As for Ohara Koson’s “Crane Over His Nest,” the main thing that makes this stand out amongst “crane pictures” is the feeling of weightlessness.  Part of this weightlessness seems to be accomplished by three things.  One: that almost the entire picture is sky.  More than 2/3 of the picture are open sky compared to about 1/3 peachy-dawn.  If you squint your eyes you’ll see more easily where the peach-gradient ends and “open sky” begins.

Two: the relationship between light and dark and assumed weight.  In other words… in life, things that are lighter in color tend to be perceived as being lighter in weight.  For example: consider a stormy sky, dark gray and black clouds appear heavy with water (partly because they are).  Fluffy white clouds seem light and weightless.  To further illustrate the point as a matter of perception… consider how commercial airliners receive a lighter paint-job than military planes which are sometimes even painted black.  Consider Japan’s bullet train which is painted white and contrast your impression of it with a Wild West Locomotive that’s an iron-black.  In this picture, the crane is objectively the lightest/brightest object in the painting.  When you contrast it with the black, brown, and grey of the tree which its perched upon it seems even lighter.

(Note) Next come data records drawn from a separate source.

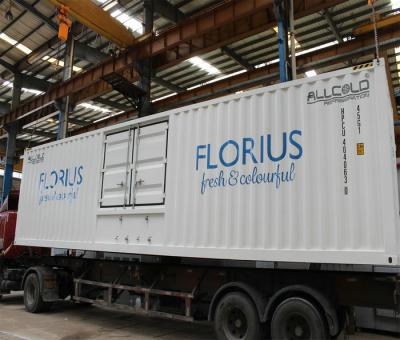 China Máquina de enfriamiento de la flor por encargo/vacío durable del sistema de enfriamiento en venta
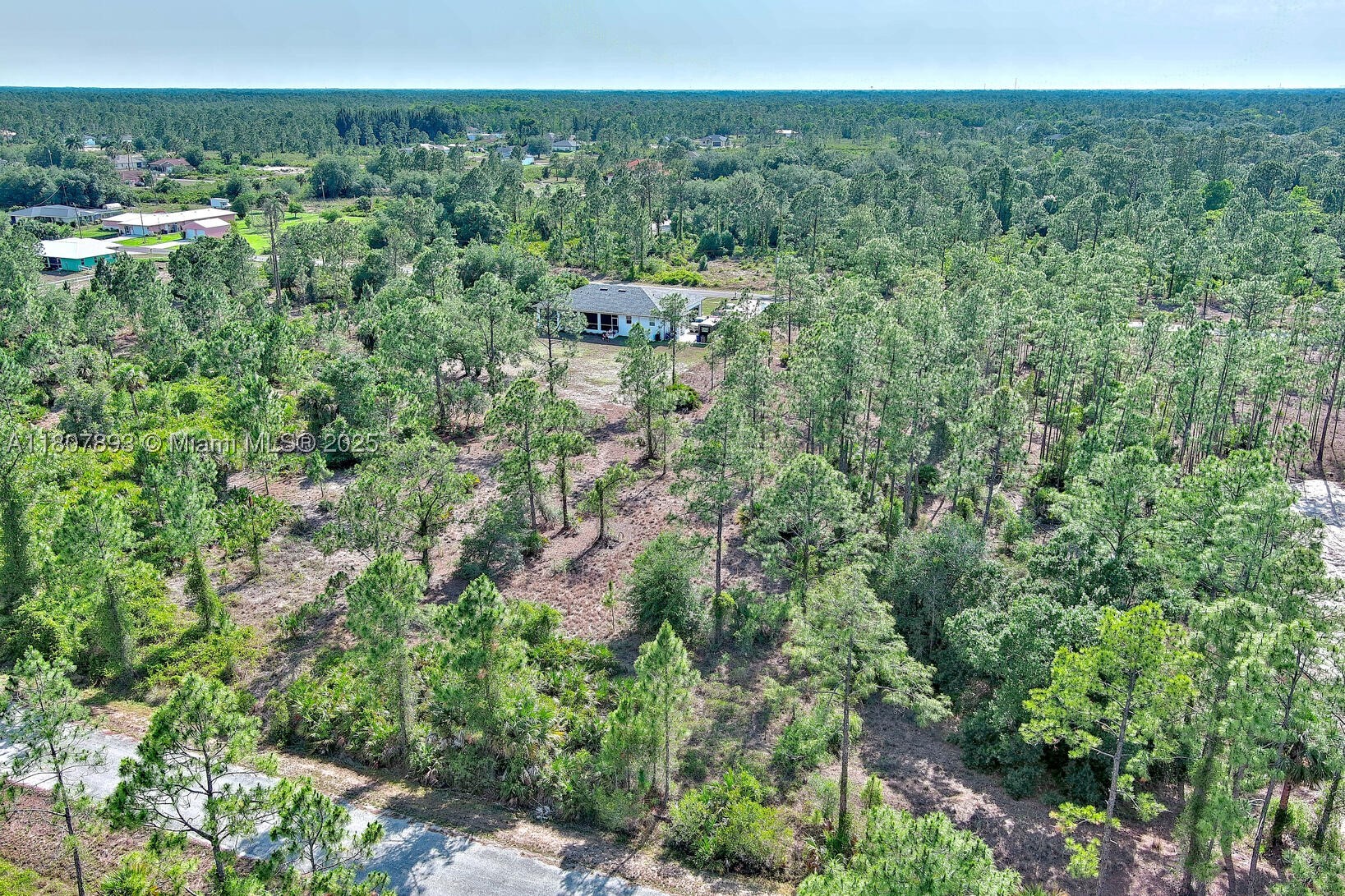 317 Fitch Ave, Lehigh Acres, FL 33936 — 7 of 23
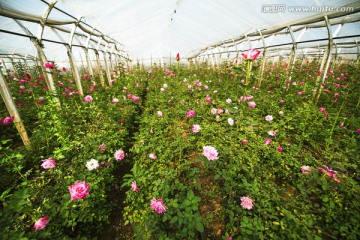玫瑰种植大棚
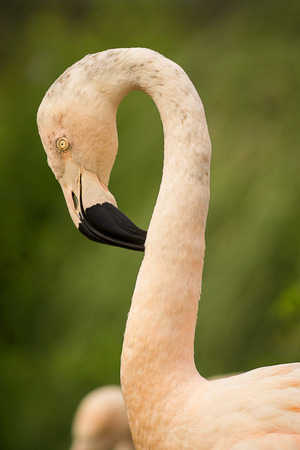 Closeup portrait of a flamingo with a green background の写真素材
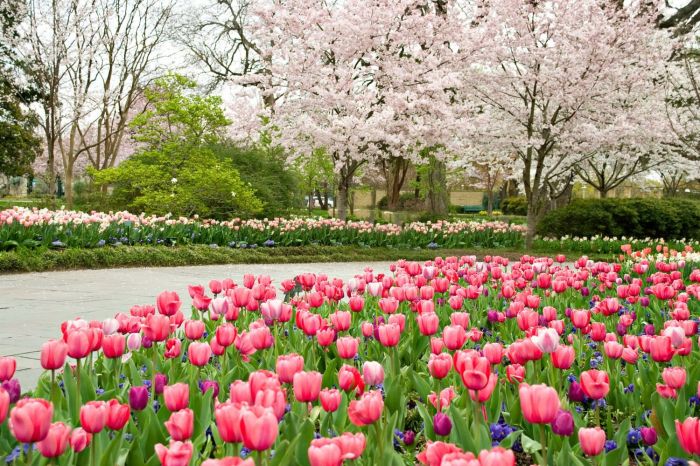 Paradise gardens landscaping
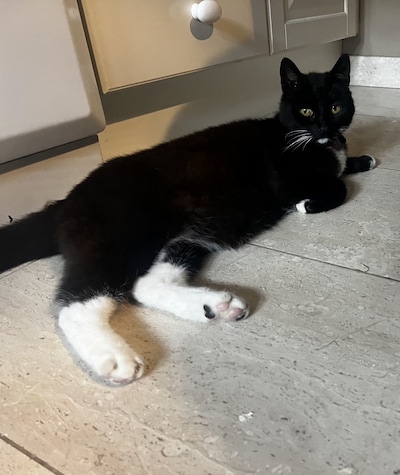 Heb jij Poekepoek gezien? Dit huisdier wordt in Hardenberg vermist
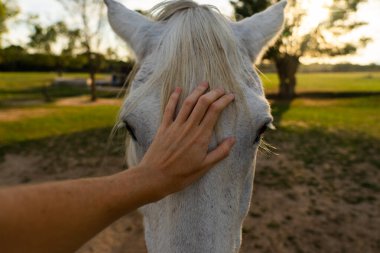 Bir kadının eli beyaz bir atın kafasına dokunuyor.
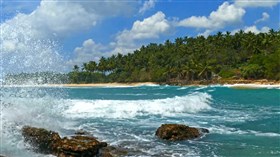 Tropical Island Waves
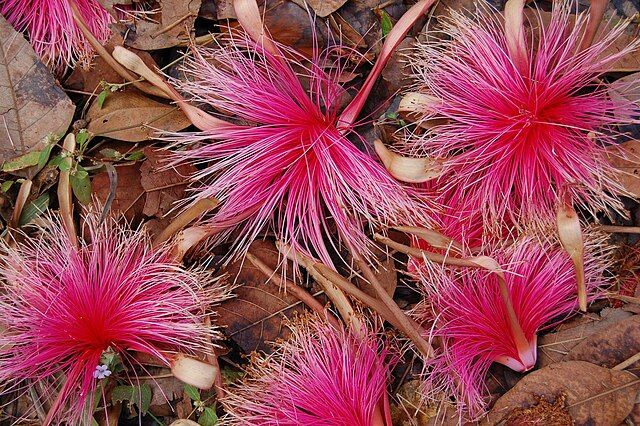 pseudobombax ellipticum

Three: the relationship of the father crane and his young as well as the father crane and the tree-branch.  To the extent that the father crane’s wings billow out (inferring a balancing act to the viewer) the young crane “cranes” its neck upward from its green sanctuary.  As for the father crane and the tree-branch, the crane’s body and the tree branch almost mimic one another… so much so that if the crane and the branch were substituted with a white line and a black line, that the black line would appear almost as a shadow of the white.  To be more specific, the contour of the cranes upper wing is almost the same as the top part of the branch its perched on.  The neck and beak also maintain a consistent distance from the branch as they make their downward motion.

It’s also worth noting that the speck of red (the largest concentration of red) in the picture appears on the crane’s head almost as a reference point for when looking at the picture.